Brenda Bailey Gershkovitch of the Vancouver-based game developer, Silicon Sisters, turned down the property when it was first being shopped around years ago. In an interview with, she describes what led to that decision:

At that time they were pitching it as a Facebook game, and I couldn’t see how that would happen, what it would look like and how you would create a game with that brand. It was tricky for a couple reasons. One, my studio is really about high-quality games that are positive for girls, which presented a challenge in terms of who Kim Kardashian was and whether that would be a positive experience. At the time, what she was known for was that sex tape. So there was some question about brand match. The other issue was that we couldn’t figure out what the fantasy was.

However, now she acknowledges that the Kardashian game is changing the way people think about the demographics of gamers. More importantly, it shows a viable, financial success in this arena, which is more important to companies than “doing the right thing”:

I think it’s cracked open a new, important door. Whether or not you like that door, it’s a game-changer. Without [the financial argument], you’re just arguing for people to do the right thing, that’s not very motivating. Sadly, most people in a decision-making capacity in business are not making decisions about doing the right thing; they’re making decisions about the bottom line… Speaking as a business person, I can tell you that’s a much more powerful argument than, ‘We make better-quality games for girls because it’s the right thing to do.’

Gershkovitch will be speaking at the Montreal International Game Summit on November 17th to talk about the issues surrounding games geared toward women and girls, so you should definitely check her out if you’re going to that event.

However, I did want to address something that’s always bugged me about the conversation surrounding the Kardashians. Let’s take a look at this snippet from a Vanity Fair article about the Kim Kardashian: Hollywood app:

This means that “Kim Kardashian: Hollywood” users have spent nearly six billion minutes hypnotically tapping at their iPhone screens. That’s six billion minutes spent picking out fictional crop tops, attending virtual photo shoots, and sinking hard-earned money into a game in the hopes that the cartoon-character stand-in for an E! reality star will accept them into her social circle. That is six billion minutes that these users could have spent developing their own lucrative app or, hell, even selecting actual outfits, which somehow sounds worlds more productive than its Kim Kardashian: Hollywood counter-pastime.

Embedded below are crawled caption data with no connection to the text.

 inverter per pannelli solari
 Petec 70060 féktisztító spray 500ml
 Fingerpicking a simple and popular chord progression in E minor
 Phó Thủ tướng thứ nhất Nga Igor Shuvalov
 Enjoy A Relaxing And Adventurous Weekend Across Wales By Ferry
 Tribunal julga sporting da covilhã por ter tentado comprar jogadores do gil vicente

It’s interesting that the fantasy of the Kardashian app — picking out clothes, doing photo shoots, etc. — is so frowned upon. Meanwhile, the fantasy of shooting people in the face, or beating them senseless, or having dangerous adventures is not seen as a waste of time. Going down the rabbit hole for hours and hours in a game like Call of Duty, or Mass Effect, or Bioshock is totally accepted. But losing yourself for hours picking out clothes…isn’t.

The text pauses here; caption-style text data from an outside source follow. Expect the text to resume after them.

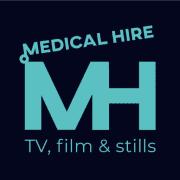 Medical Hire's Logo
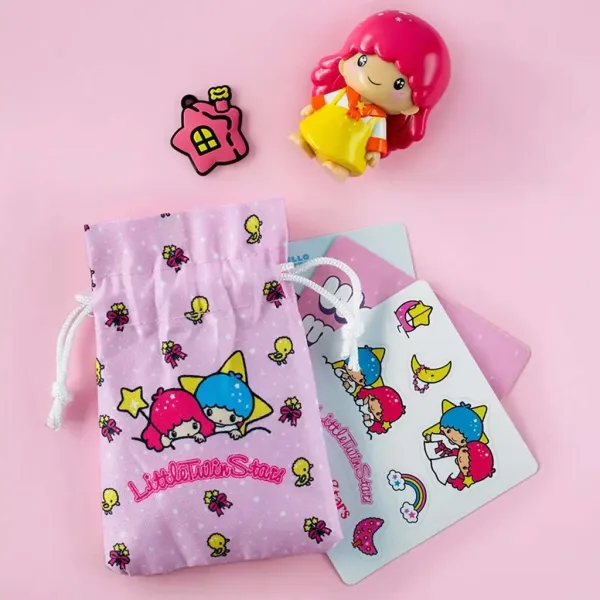Hello Kitty: Lala figura v škatli z dodatki 6 cm slika 3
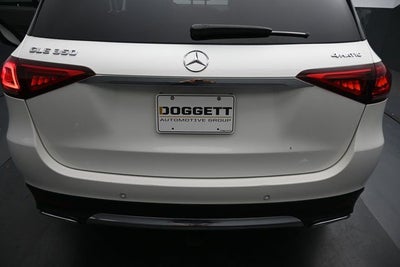 2020 Mercedes-Benz GLE GLE 350 4MATIC®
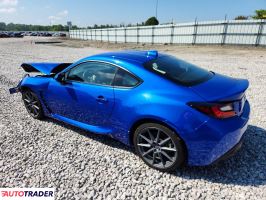 Subaru BRZ 2023 2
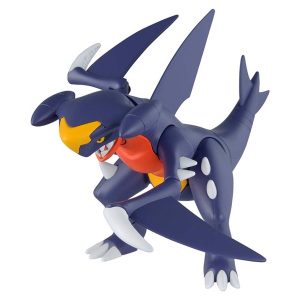 445 - Model Kit Garchomp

Setting aside the fact that none of these interests should be gendered anyway (men buy clothes, women shoot guns, etc.), it’s hilarious to me that stereotypically “male” interests are seen as valuable or at least neutral, whereas “female” interests are positioned as superficial fluff. People write about hating the Kardashian clan for their superficial values, but Donald Trump can have a reality show that glamorizes corporate capitalism and greed and no one bats an eye. The male-dominant Duck Dynasty clan has to have a family member be an out-and-out homophobic racist before anyone calls their family duck-calling business into question. But God forbid you love fashion!

What’s more, people keep bringing up the sex tape – YEARS after it happened. I wonder if Ray J (Kim’s partner in the tape – you know, the guy who was filming it) keeps having it brought up in relation to him. I wouldn’t know, because I’ve never once listened to his music. I’m sure someone has somewhere. The point is, no one brings up the fact that the Kardashians are running an empire right now. In addition to the TV show, they’ve got their chain of stores, their clothing line, their fragrances, and various other business endeavors — including this game — that only get more and more successful.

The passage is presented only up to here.